The neural network we apply has 1000 neurons per layer, two hidden layers, a residual connection, and tanh activation function. Models 4 and 5 are exceptions to this, with 100 neurons per layer, but then with six separate, small networks (one per joint) instead of one large. We apply regularization to the ANN parameters by the weight decay built into the implementation of the ADAM solver. We applied hyperparameter tuning to find the right choice for the weight decay. We have been manually tuning the learning rate of ADAM to find a value that is large enough but does not result in strong fluctuations in the training loss. This value is $ {10}^{-4} $ for $ {\theta}_{\mathrm{ann}} $ and $ 1.0 $ for $ {\theta}_{\mathrm{phy}} $ : we apply different learning rates to the two sets of parameters. Because of these different learning rates for the two components of the model and the need to balance them well, optimizing $ {\theta}_{\mathrm{phy}} $ and $ {\theta}_{\mathrm{ann}} $ together is difficult. We have decided not to optimize them in the same step. The weight initialization corresponds to the default uniform initialization provided by deepSI and PyTorch.

2.5. Cases

The interaction between surfaces is complex, and we can differentiate between different types of friction based on the phenomenon observed, e.g., static, presliding, sliding, or stick–slip friction. Using this insight, we have been considering two cases for the experiments:

  • in Case 1, the models are evaluated on the complete trajectories (one trajectory for training, validation, and test each),

  • in Case 2, the models are evaluated on reduced trajectories (the first and last 1350 samples are left out). The reason for reducing the trajectories is to eliminate regions where the velocity is consistently very low, where the effects of the difficult-to-model presliding friction are strongest.

3. Results

In Table 4, the results corresponding to the two cases are listed. The lower value corresponds to better accuracy, meaning a lower error between the simulation and the data. Only the results on the test dataset are reported in the table, but we also provide a visualization of the results on graphs in Figure 7, which show the 150-step-NRMS on the training and validation sets. These results are after the hyperparameter tuning: we have made a few trials to adjust the weight decay to find the lowest 150-step-NRMS on the validation data.

Table 4. Comparison of models across Cases 1 and 2.

Note. The best result per case is formatted in bold, the second best result is indicated with an underline.

Figure 7. Results from Table 4 on a bar graph: 150-step-NRMS error on training, validation, and test data.

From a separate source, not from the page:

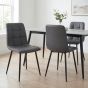 Rivomont Grey Leather Effect Contemporary Dining Chair – Black Metal Tapered Legs (4pk) by Shankar | Style Our Home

Along with reporting the 150-step-NRMS error as a single number, in Figures 9 and 10, we show some sample simulations (red and blue lines) overlaid with the data (black line), the latter serving as ground truth. Each blue and red line corresponds to a simulation starting from the state at the beginning of the line. The red lines correspond to the regions where the presliding friction can have a substantial effect; all the other lines are shown in blue, corresponding to the region where we expect sliding friction to dominate. Both figures correspond to Case 2 with the reduced datasets, all the blue lines start in this reduced range of the test dataset. Red lines allow us to see the model’s performance outside this range. To be able to distinguish between the lines visually, we show only simulations starting at every 100 samples each, but all the simulations (on the reduced range) are taken into account in the N-step-NRMS error calculation. Lines starting from the same sample number on all the subplots in the same figure belong together as a simulation. An additional figure of this type, Figure 8, shows the simulations of the 0.a initial physics-only model.

Figure 8. Short simulations (indicated in blue and red, with the red part excluded from error calculation in Case 2) versus data (indicated in black), six position (left column) and six velocity (right column) channels, with channel numbers increasing from top to bottom. Result with physics-only Model 0.a, before optimization.

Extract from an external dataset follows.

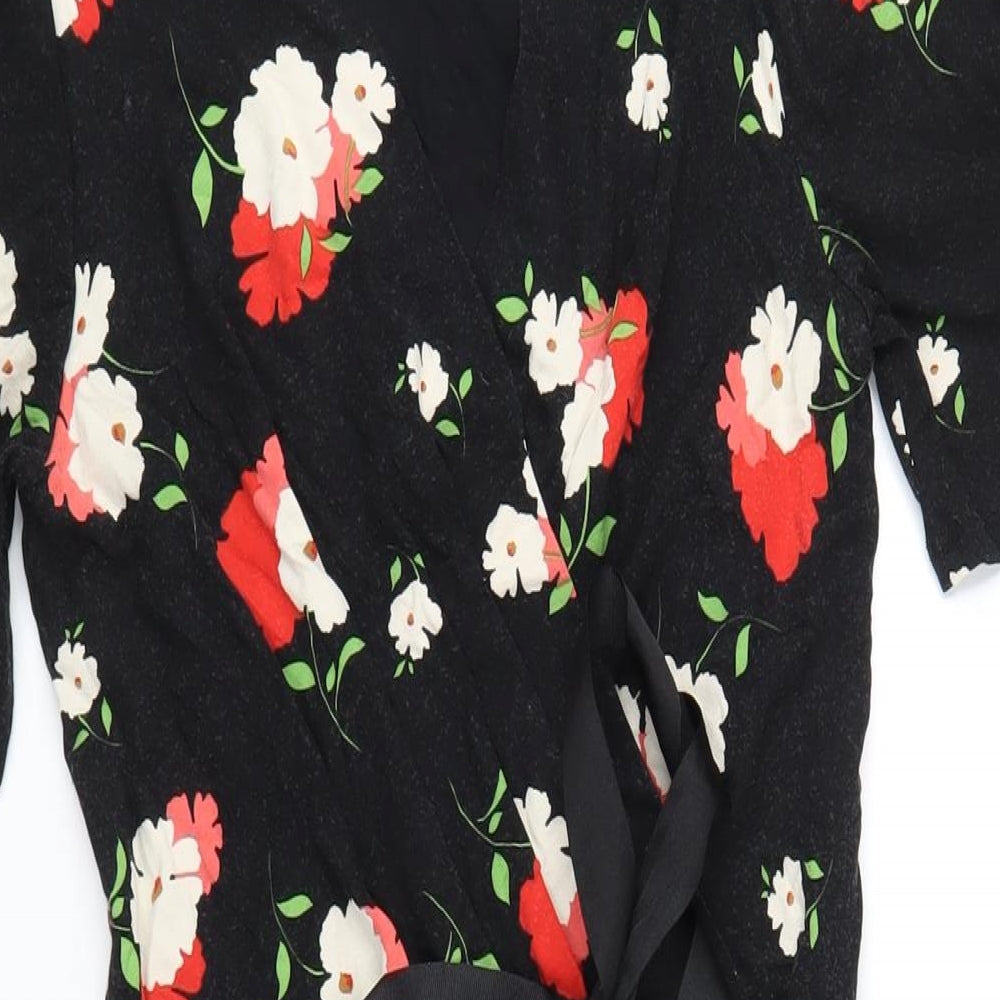Phase Eight Womens Black Floral Viscose Bodycon Size 8 V-Neck Pullover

To better compare Model 4 and 0.b, we also show their simulation results overlaid on each other, for two channels, in Figure 11. The red and orange lines correspond to the regions with strong presliding friction. The other lines, in the sliding-dominated range, are shown in green and blue. Orange and green lines correspond to Model 4, while red and blue lines correspond to Model 0.b.

4. Discussion

In this section, we first discuss our best results that belong to Case 2. Afterward, we proceed to Case 1 to add more details about the limitations.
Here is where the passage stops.